Ebenfalls wichtig bzw. eine potentielle Stolperfalle: Die allgemeine Umschaltung des Sensorcrops von FF auf APS-C (bzw. in Nikons Jargon: FX auf DX) wirkt sich
nicht auf Video aus. Der Sensorcrop für Video lässt sich
nur in dem Menüpunkt "Frame size/frame rate" einstellen.

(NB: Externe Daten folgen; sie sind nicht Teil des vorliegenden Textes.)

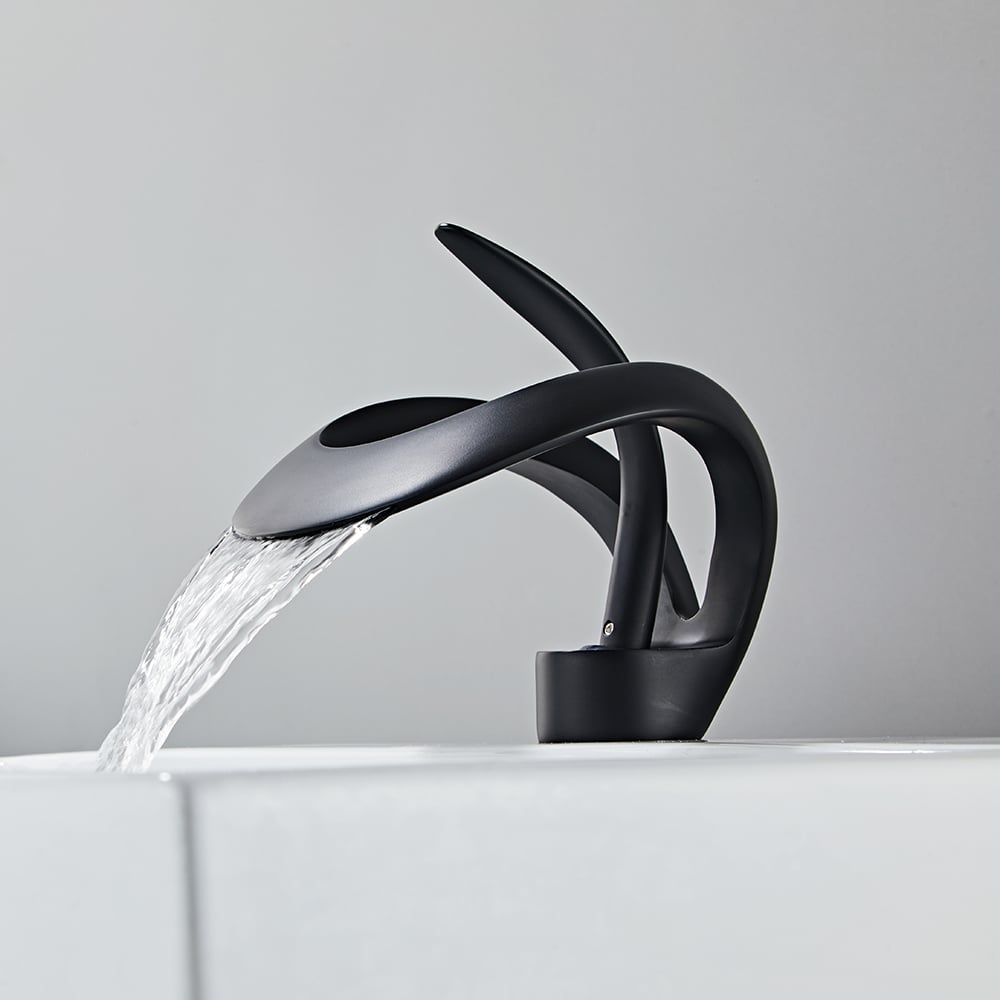 Waterfall Bathroom Sink Faucet in Black Single Handle Solid Brass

Alle o.g. Parameter werden in den U1/U2...-Modes abgespeichert. Wichtig: Im Untermenü von "Manage User Settings" die Option "Keep changes" deaktivieren, da sonst alle temporären Konfigurationsänderungen, die man bei der Kamerabedienung macht, automatisch gespeichert werden, was beim nächsten Einschalten der Kamera zu bösen Überraschungen führen kann. Meine Empfehlung, wie schon geschrieben: U4 als temporären Modus nutzen und dessen Konfiguration im laufenden Betrieb regelmäßig sichern.
Fürs Speichern der gesamten Kamerakonfiguration: Kameramenü -> SETUP MENU -> Save/Load menu settings -> Save menu settings. Die komplette Kamerakonfiguration wird da in eine Datei auf die Speicherkarte geschrieben. (Allerdings auch wieder gelöscht, sobald man die Karte formatiert. Daher die datei am besten direkt nach dem Sichern auf einen Computer oder ein Mobiltelefon kopieren.)
Netzwerk-/Wireless-Einstellungen lasse ich hier komplett links liegen, da sie nur für Stills-Fotografie relevant sind. Nikon hat derzeit keine wirklich brauchbaren Remote-Apps für Videoaufnahme.